— WHAT IS NEEDED —
When you return the lines below, go from the first through the line with "Fermoie Blue Rabanna Fringed Cushion", keep them exact, and leave out every picture.

— DATA UNDER STUDY —
........

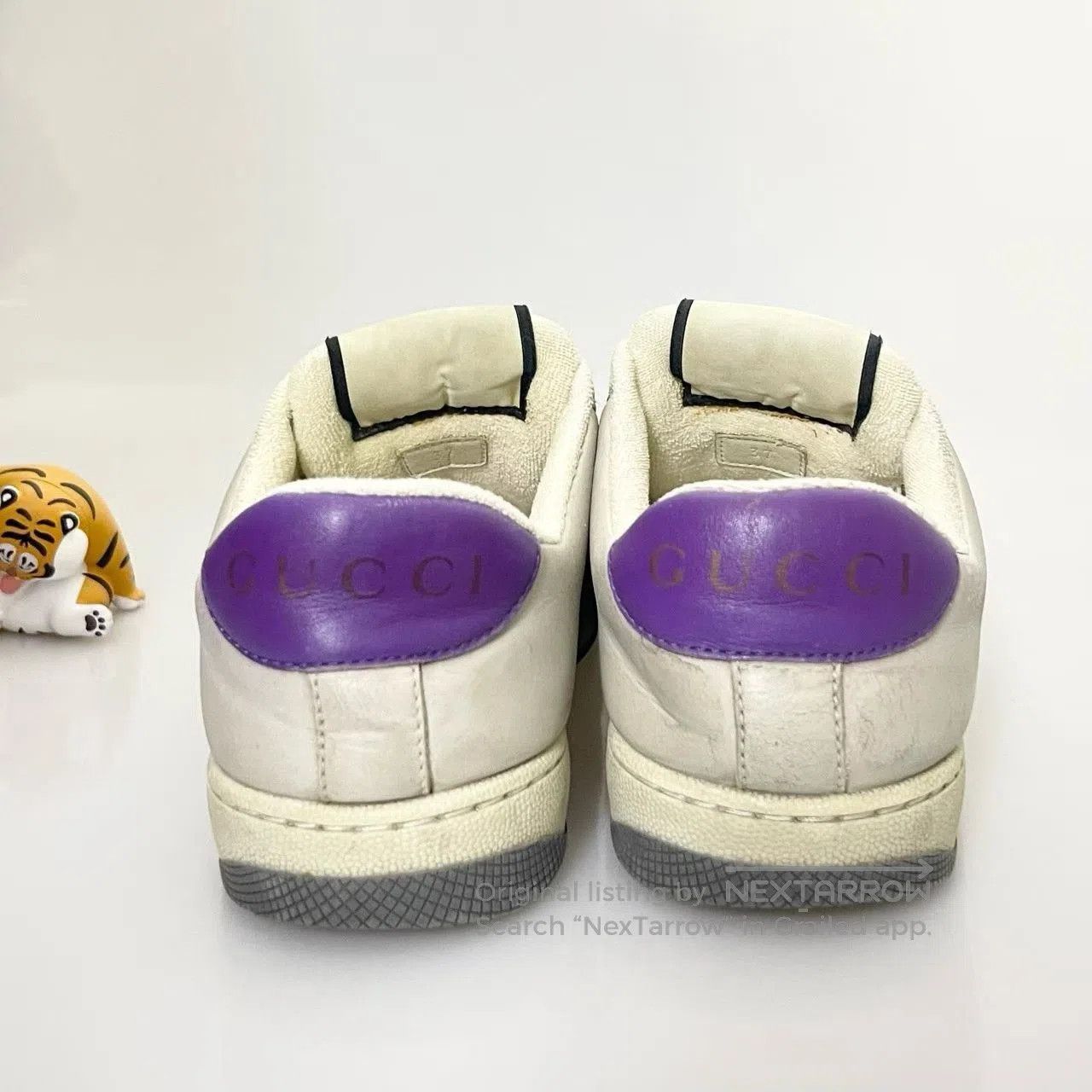 Gucci Gucci Dirty Shoes Purple Tail. Size US 6 / IT 36 - 3 Thumbnail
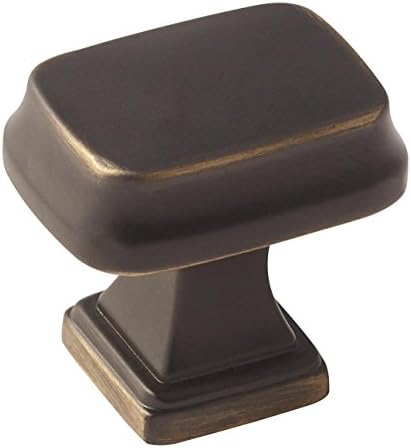 Amerock 1853610 Revitalize 1-1/4 in (32 mm) Length Venetian Bronze Cabinet Knob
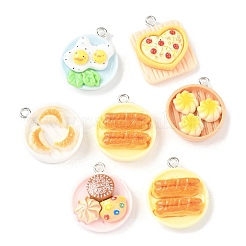 Opaque Resin Pendants&nbsp;X-RESI-V005-003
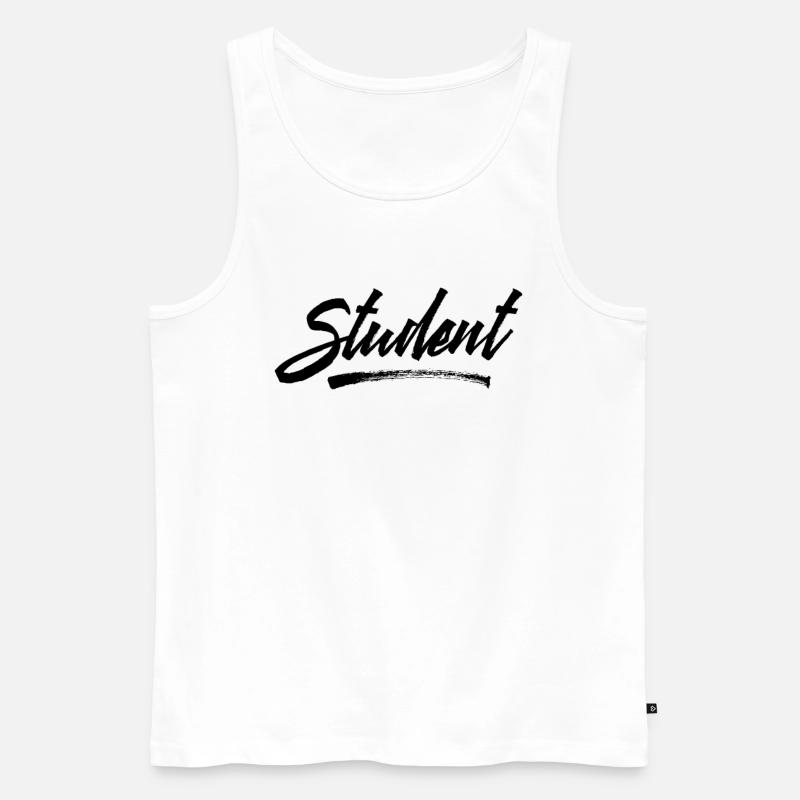 Studium Student Universität Studieren Studentin - Männer Premium Bio Tank Top - Weiß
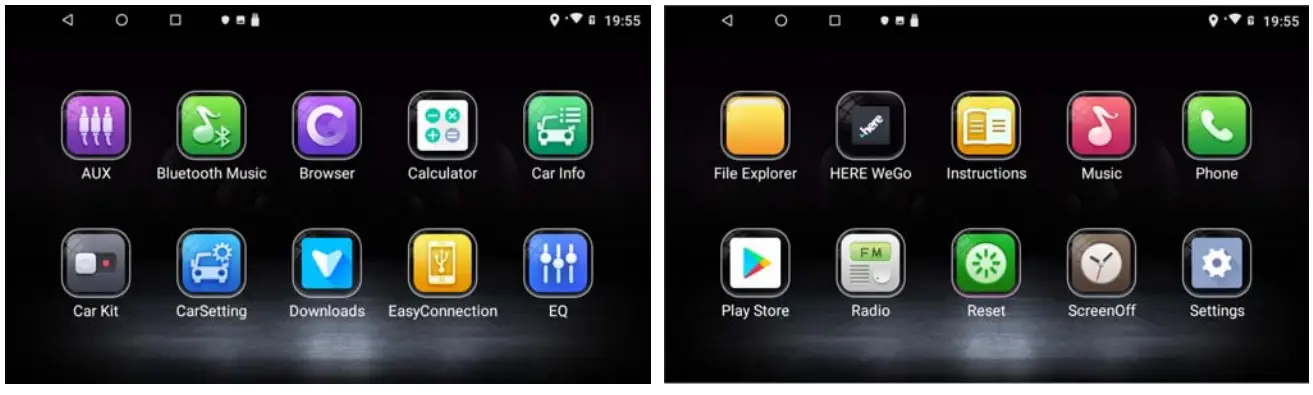 Banggood 0417 Vehicle Radio Navigation System Device - app1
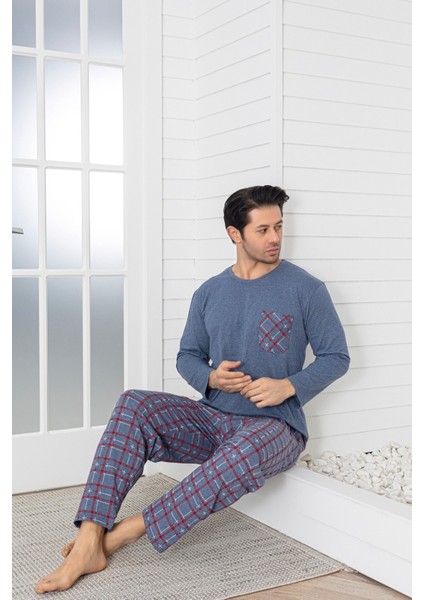 Ercan Alt Kare Üst Cepli Açık Mavi Pjm Tkm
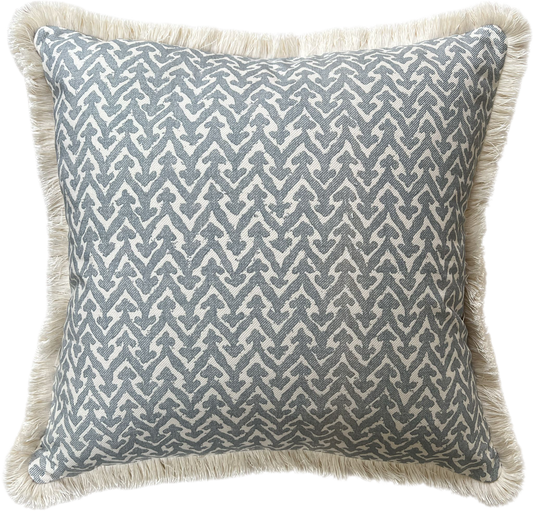 Fermoie Blue Rabanna Fringed Cushion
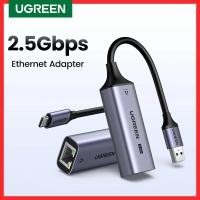 ราคา UGREEN อะแดปเตอร์ USB Ethernet RJ45 การ์ดเครือข่าย 2.5G สําหรับอุปกรณ์เสริมคอมพิวเตอร์อะแดปเตอร์อินเทอร์เน็ต (40956473027)
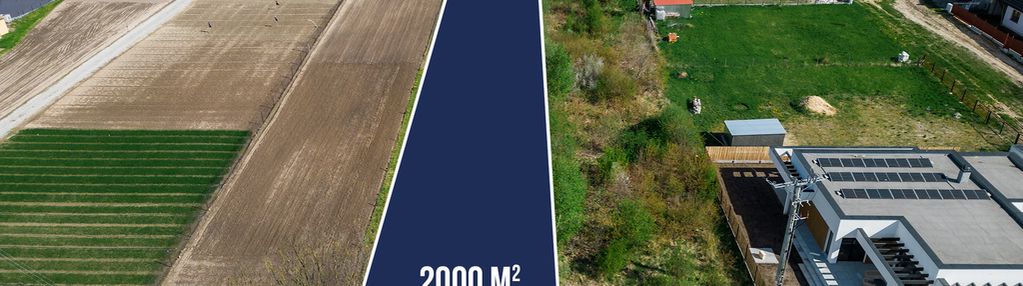 Działka budowlana 2000 m2 radom, źródłowa
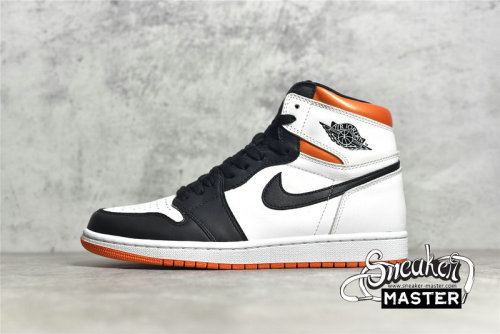 NIKE AIR JORDAN 1 RETRO HIGH OG WHITE/ELECTRO ORANGE/BLACK 555088-180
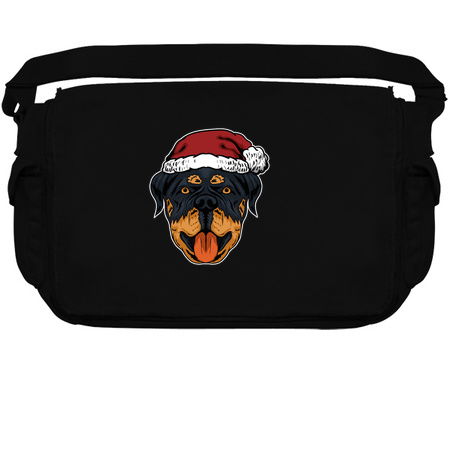 dog Rottweiler dog face santa Christmas tiny thumbnail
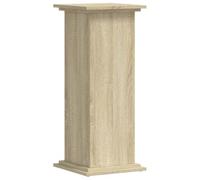 vidaXL Plant Stand Pot Holder - Engineered Wood - Sonoma Oak - Large Top Surface - Indoor Decor - 33 x 33 x 80 cm
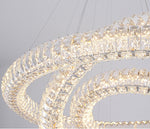 Modern Round Ring Crystal Chandelier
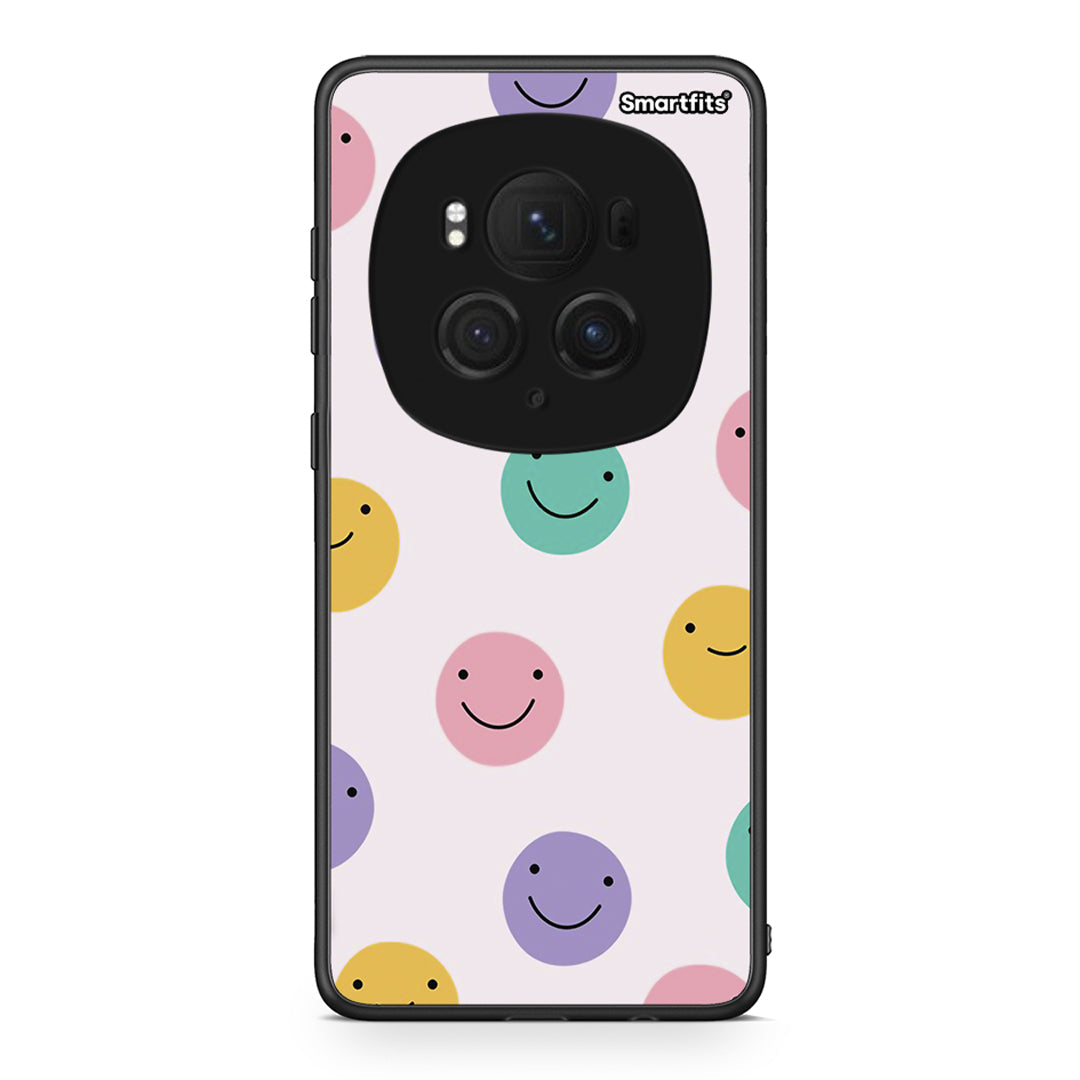 Honor Magic6 Pro Smiley Faces θήκη από τη Smartfits με σχέδιο στο πίσω μέρος και μαύρο περίβλημα | Smartphone case with colorful back and black bezels by Smartfits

........

— THE ANSWER —
 Gucci Gucci Dirty Shoes Purple Tail. Size US 6 / IT 36 - 3 Thumbnail
 Amerock 1853610 Revitalize 1-1/4 in (32 mm) Length Venetian Bronze Cabinet Knob
 Opaque Resin Pendants&nbsp;X-RESI-V005-003
 Studium Student Universität Studieren Studentin - Männer Premium Bio Tank Top - Weiß
 Banggood 0417 Vehicle Radio Navigation System Device - app1
 Ercan Alt Kare Üst Cepli Açık Mavi Pjm Tkm
 Fermoie Blue Rabanna Fringed Cushion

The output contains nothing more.